*Records for this task*.
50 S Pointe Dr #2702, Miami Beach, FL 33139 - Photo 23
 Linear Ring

---

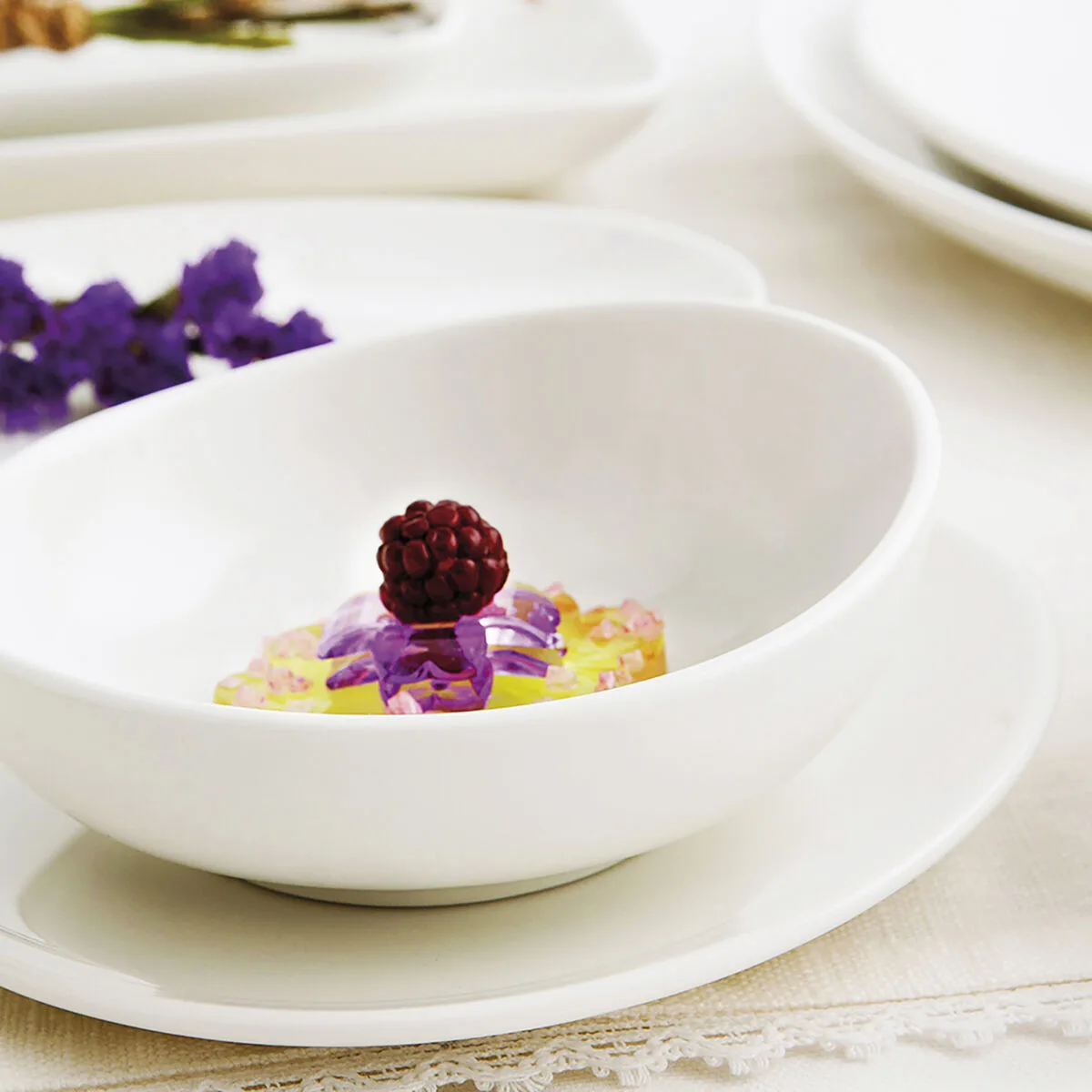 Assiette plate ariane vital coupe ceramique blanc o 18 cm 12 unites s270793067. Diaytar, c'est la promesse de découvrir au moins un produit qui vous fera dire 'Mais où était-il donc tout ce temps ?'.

...

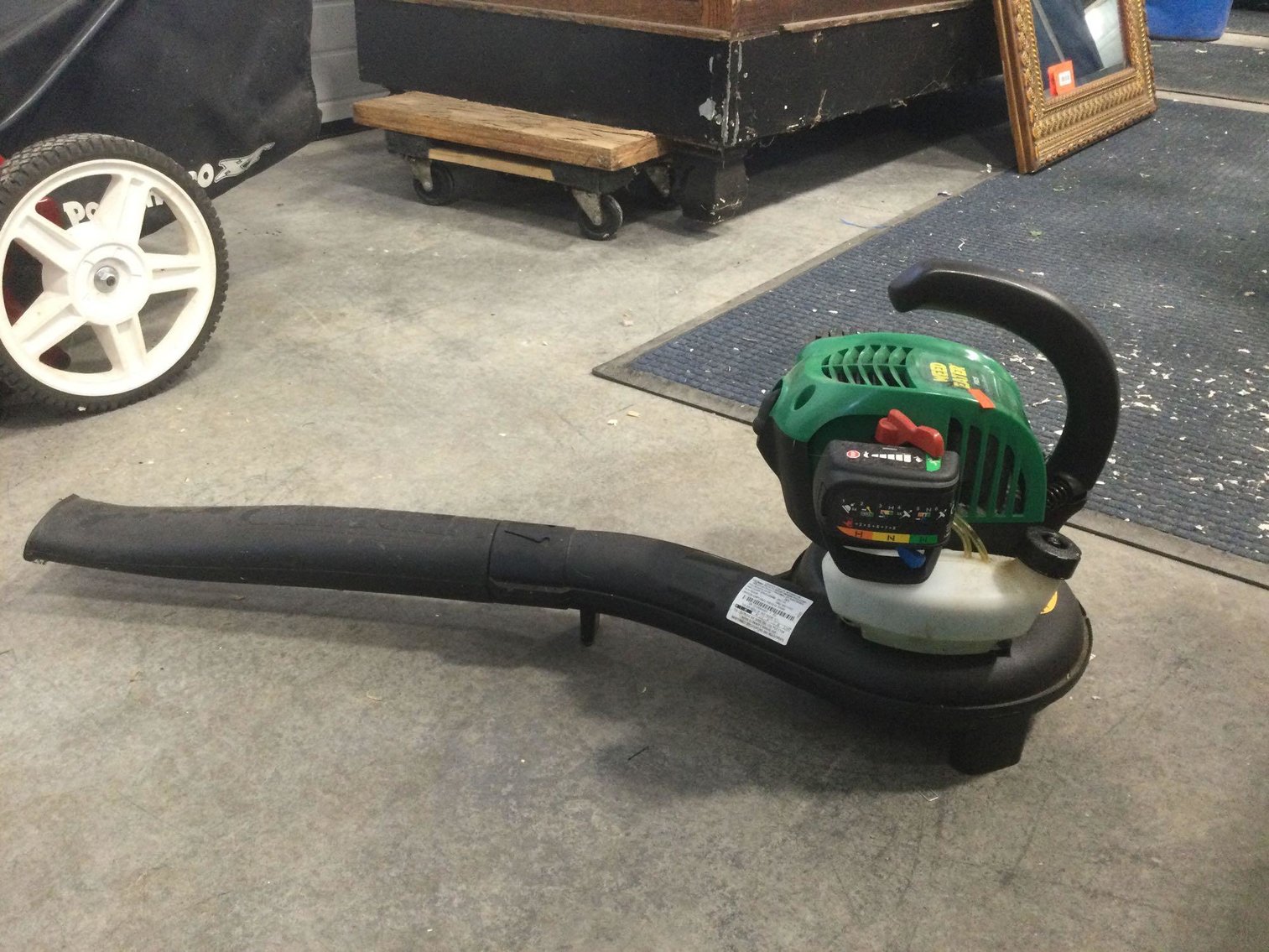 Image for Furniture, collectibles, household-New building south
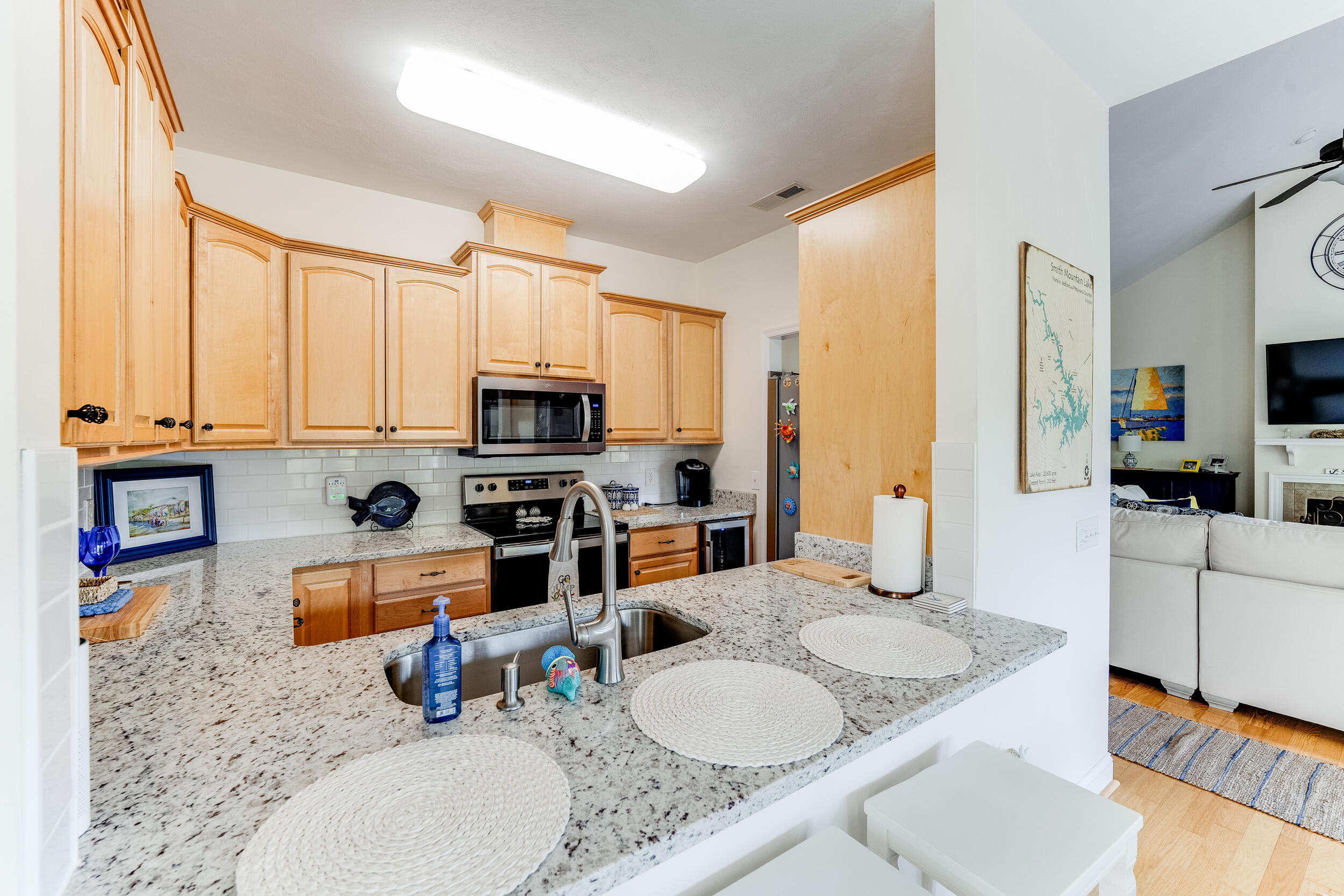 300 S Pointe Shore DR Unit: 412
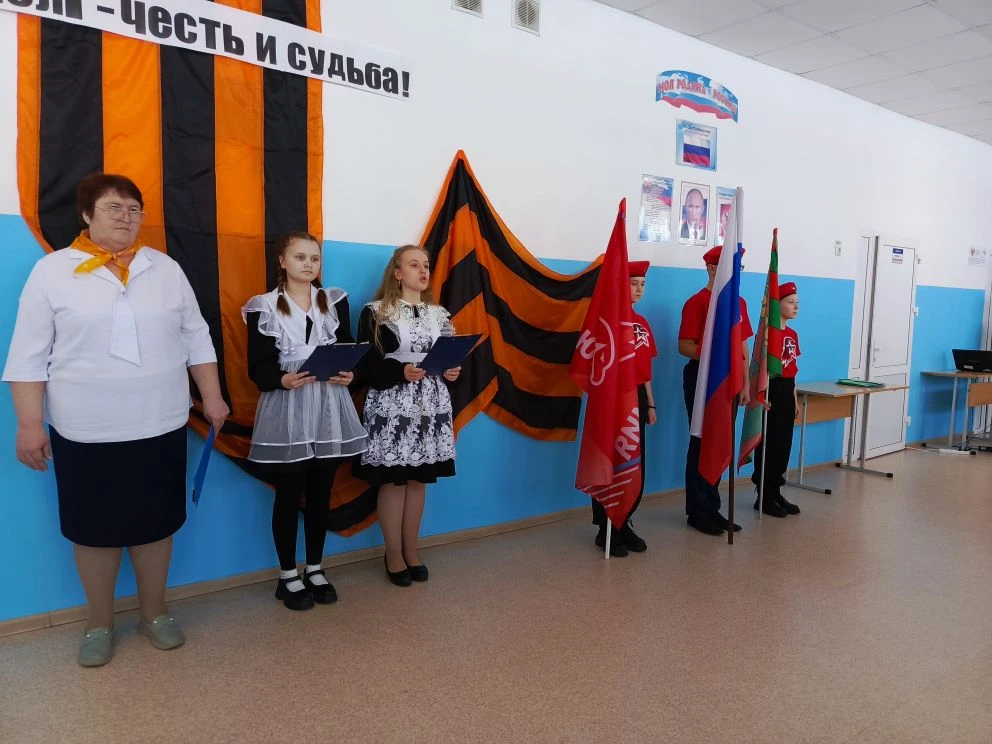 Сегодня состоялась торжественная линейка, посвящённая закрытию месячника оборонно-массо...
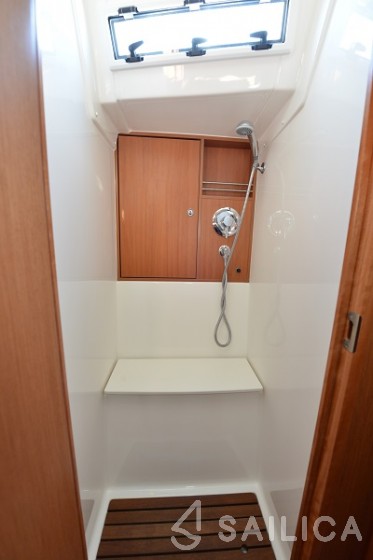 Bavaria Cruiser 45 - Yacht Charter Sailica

*Work item*.
Reproduce exactly, with no pictures, the lines above from the one holding "300 S Pointe Shore DR Unit: 412" to the one holding "Bavaria Cruiser 45 - Yacht Charter Sailica", inclusive.

*Answer to the problem*.
 300 S Pointe Shore DR Unit: 412
 Сегодня состоялась торжественная линейка, посвящённая закрытию месячника оборонно-массо...
 Bavaria Cruiser 45 - Yacht Charter Sailica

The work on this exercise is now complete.